Student t distribution

One of my favorite anecdotes that I share with my statistics students is why the Student t distribution is called the t distribution and not the Gosset distribution.

From Wikipedia:

In the English-language literature it takes its name from William Sealy Gosset’s 1908 paper in Biometrika under the pseudonym “Student”. Gosset worked at the Guinness Brewery in Dublin, Ireland, and was interested in the problems of small samples, for example the chemical properties of barley where sample sizes might be as low as 3. One version of the origin of the pseudonym is that Gosset’s employer preferred staff to use pen names when publishing scientific papers instead of their real name, therefore he used the name “Student” to hide his identity. Another version is that Guinness did not want their competitors to know that they were using the t-test to test the quality of raw material.

Gosset’s paper refers to the distribution as the “frequency distribution of standard deviations of samples drawn from a normal population”. It became well-known through the work of Ronald A. Fisher, who called the distribution “Student’s distribution” and referred to the value as t.

From the 1963 book Experimentation and Measurement (see pages 68-69 of the PDF, which are marked as pages 69-70 on the original):

The mathematical solution to this problem was first discovered by an Irish chemist who wrote under the pen name of “Student.” Student worked for a company that was unwilling to reveal its connection with him lest its competitors discover that Student’s work would also be advantageous to them. It now seems extraordinary that the author of this classic paper on measurements was not known for more than twenty years.
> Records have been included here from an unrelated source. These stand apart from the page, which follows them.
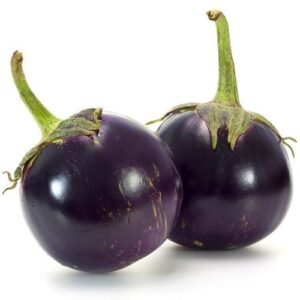 Round Brinjal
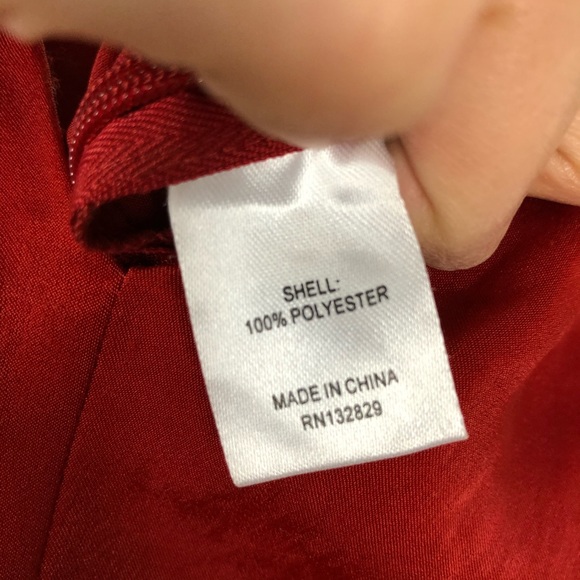 Lovers + Friends Penelope rust satin jumpsuit - Picture 6 of 7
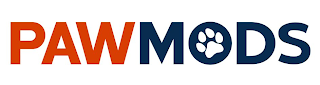 PAWMODS logo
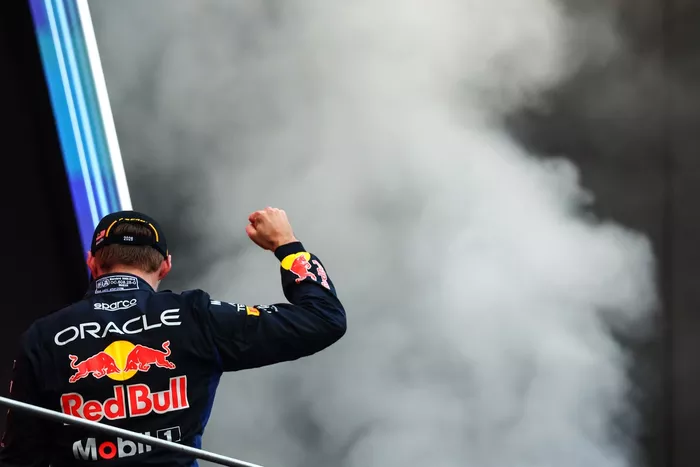 Max Verstappen, Red Bull Racing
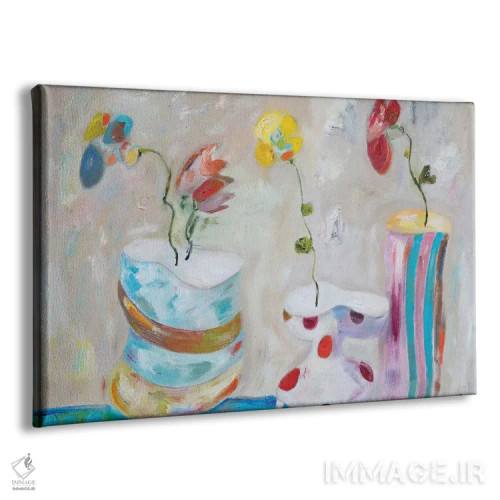 تابلو زمان بازی اثر بردفورد برنر - نمای پرسپکتیو محصول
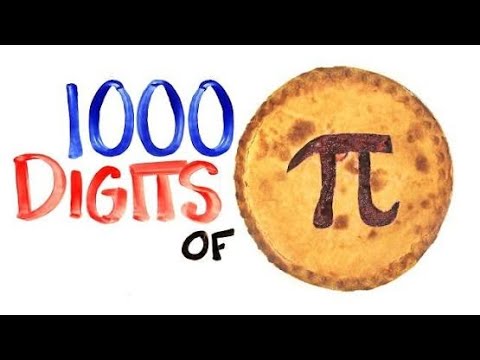 1000 Digits of Pi (Requested by @Ukrainian Mapping)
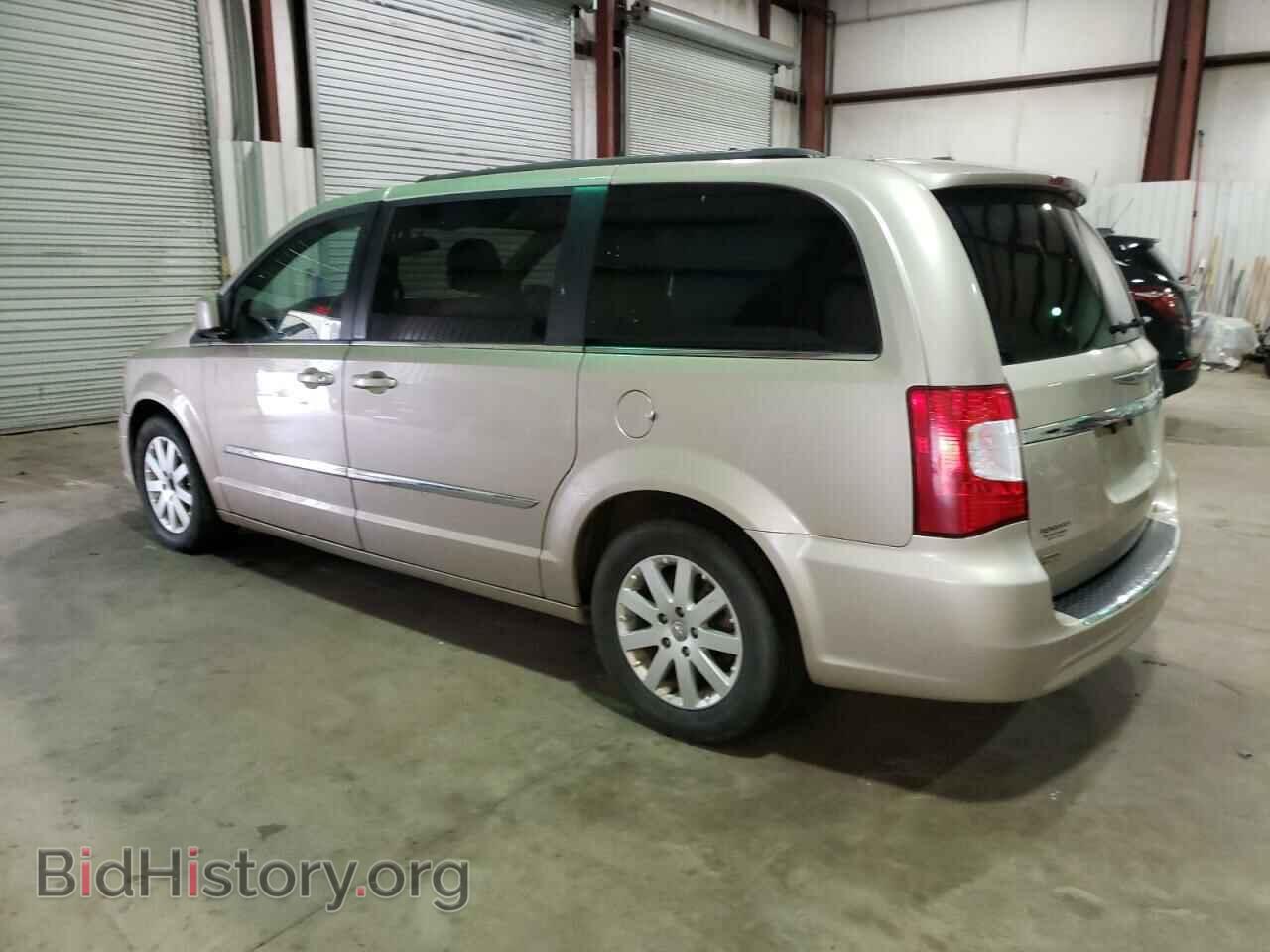 2014 CHRYSLER MINIVAN - VIN: 2C4RC1BG4ER123859 - Фото 2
Eventually it was learned that his real name was William Sealy Gosset (1876-1937).

A nice news article on Bayesian statistics

The New York Times consistently provides the best coverage of mathematics and science by a traditional news outlet. Today, I’d like to feature their article The Odds, Updated Continually, which gives a nice synopsis of the growth of Bayesian statistics in recent years and how Bayesian statistics differs from the frequentist interpretation of statistics. For example:

Statistics may not sound like the most heroic of pursuits. But if not for statisticians, a Long Island fisherman might have died in the Atlantic Ocean after falling off his boat early one morning last summer.

The man owes his life to a once obscure field known as Bayesian statistics — a set of mathematical rules for using new data to continuously update beliefs or existing knowledge…

The essence of the frequentist technique is to apply probability to data. If you suspect your friend has a weighted coin, for example, and you observe that it came up heads nine times out of 10, a frequentist would calculate the probability of getting such a result with an unweighted coin. The answer (about 1 percent) is not a direct measure of the probability that the coin is weighted; it’s a measure of how improbable the nine-in-10 result is — a piece of information that can be useful in investigating your suspicion.

By contrast, Bayesian calculations go straight for the probability of the hypothesis, factoring in not just the data from the coin-toss experiment but any other relevant information — including whether you’ve previously seen your friend use a weighted coin.

Scientists who have learned Bayesian statistics often marvel that it propels them through a different kind of scientific reasoning than they’d experienced using classical methods.

“Statistics sounds like this dry, technical subject, but it draws on deep philosophical debates about the nature of reality,” said the Princeton University astrophysicist Edwin Turner, who has witnessed a widespread conversion to Bayesian thinking in his field over the last 15 years…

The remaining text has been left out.